EXERCISE. With the pictures left out, write out exactly the lines of the listing below that run from the line with "Towel bottom sports" through the line with "Holiday Inn Express".

INFORMATION PROVIDED.
• • • • • • •

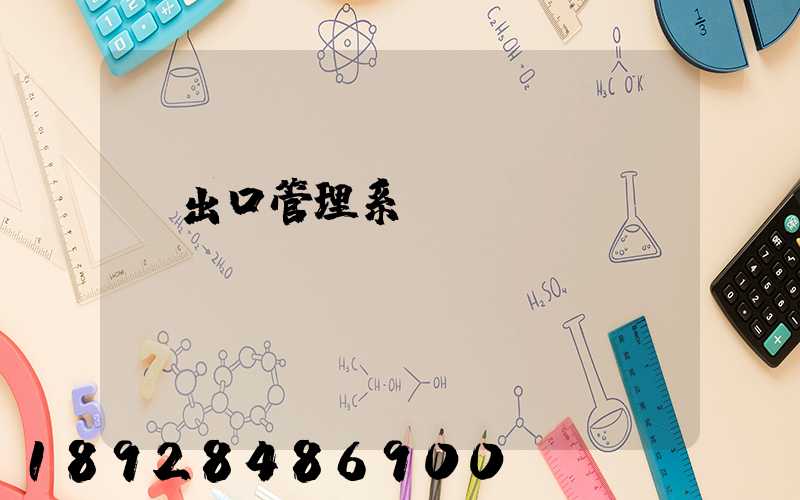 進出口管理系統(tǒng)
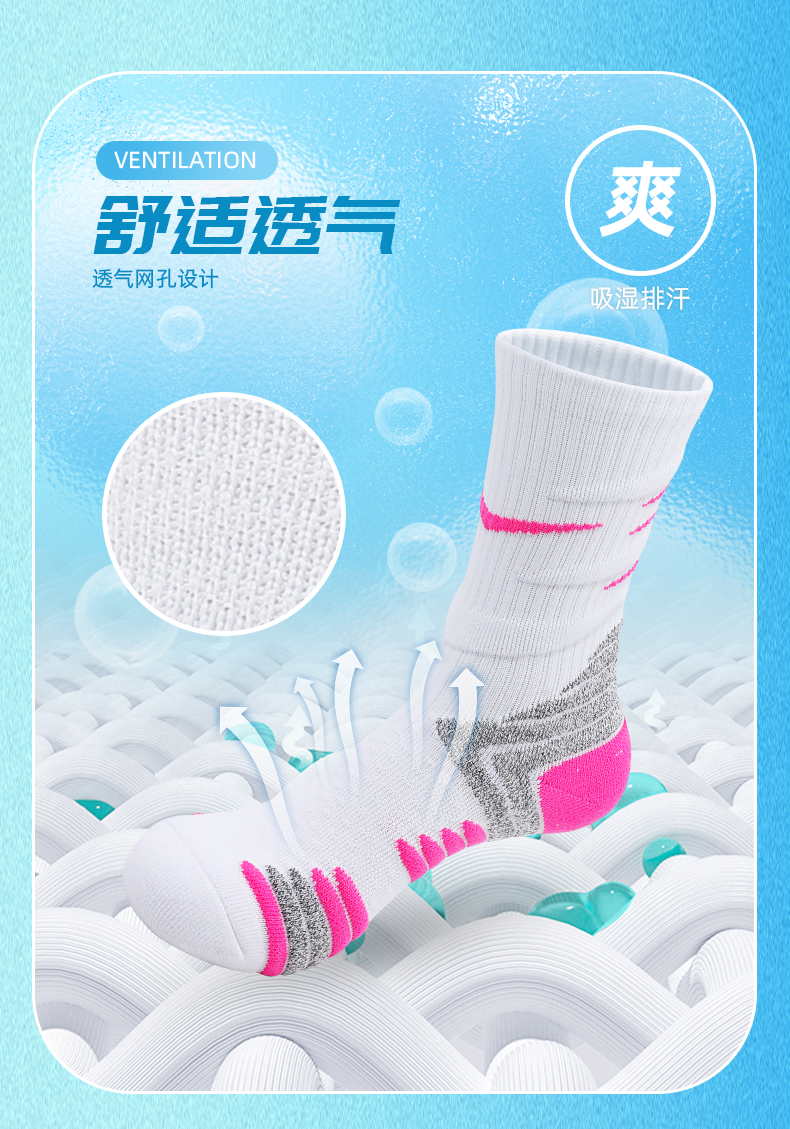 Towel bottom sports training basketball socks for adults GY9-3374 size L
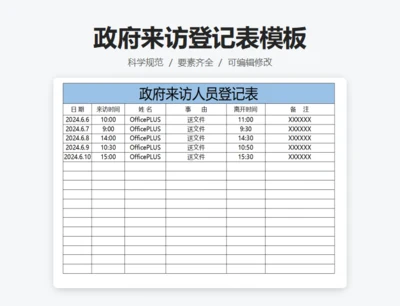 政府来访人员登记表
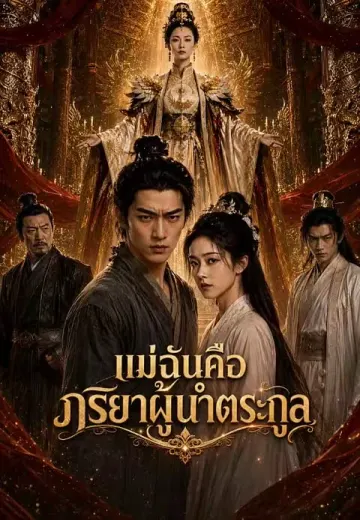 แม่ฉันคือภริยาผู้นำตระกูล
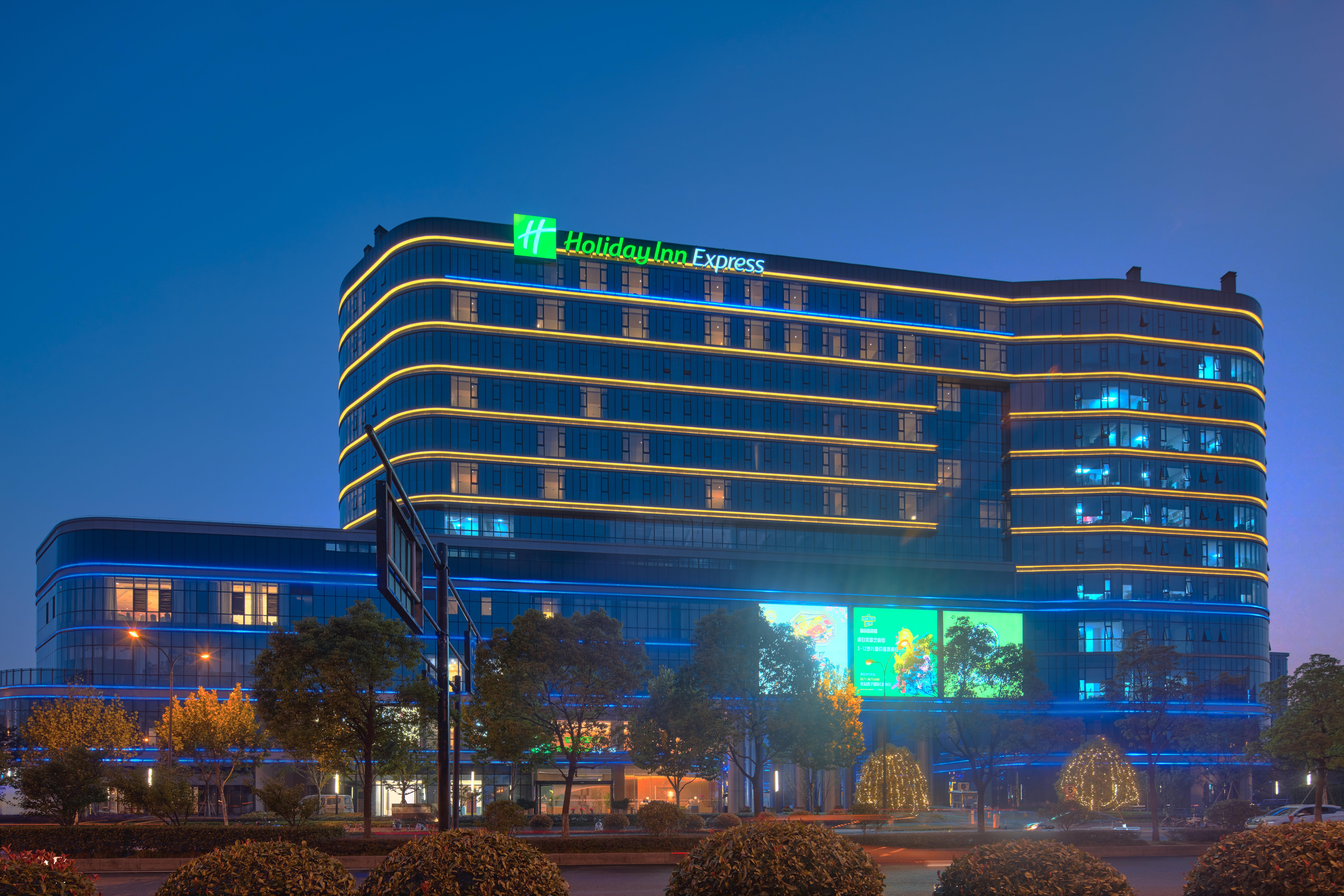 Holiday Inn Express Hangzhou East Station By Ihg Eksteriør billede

• • • • • • •

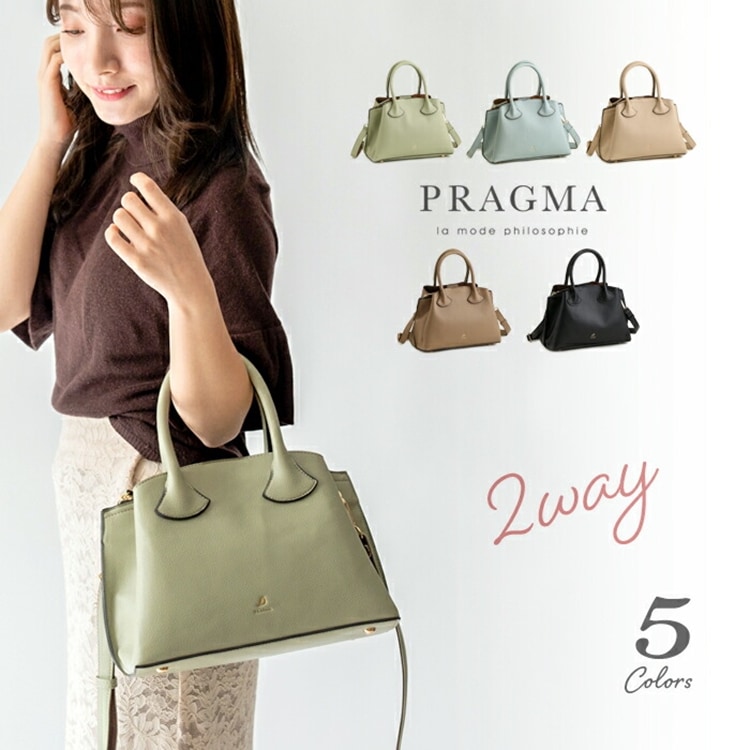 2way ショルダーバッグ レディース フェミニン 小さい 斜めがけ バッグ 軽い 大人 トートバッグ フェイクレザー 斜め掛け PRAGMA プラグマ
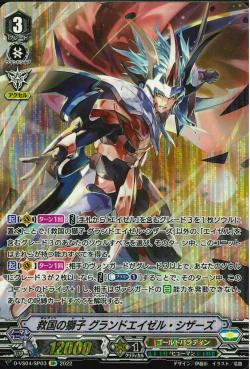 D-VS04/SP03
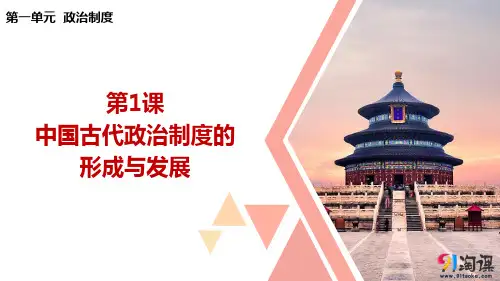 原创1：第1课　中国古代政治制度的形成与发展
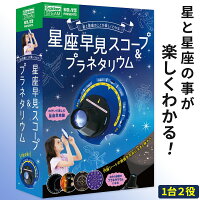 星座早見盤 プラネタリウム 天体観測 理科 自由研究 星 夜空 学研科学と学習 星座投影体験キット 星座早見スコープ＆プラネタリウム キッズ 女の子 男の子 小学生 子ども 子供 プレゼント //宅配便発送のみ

• • • • • • •

ANSWER SPACE.
 Towel bottom sports training basketball socks for adults GY9-3374 size L
 政府来访人员登记表
 แม่ฉันคือภริยาผู้นำตระกูล
 Holiday Inn Express Hangzhou East Station By Ihg Eksteriør billede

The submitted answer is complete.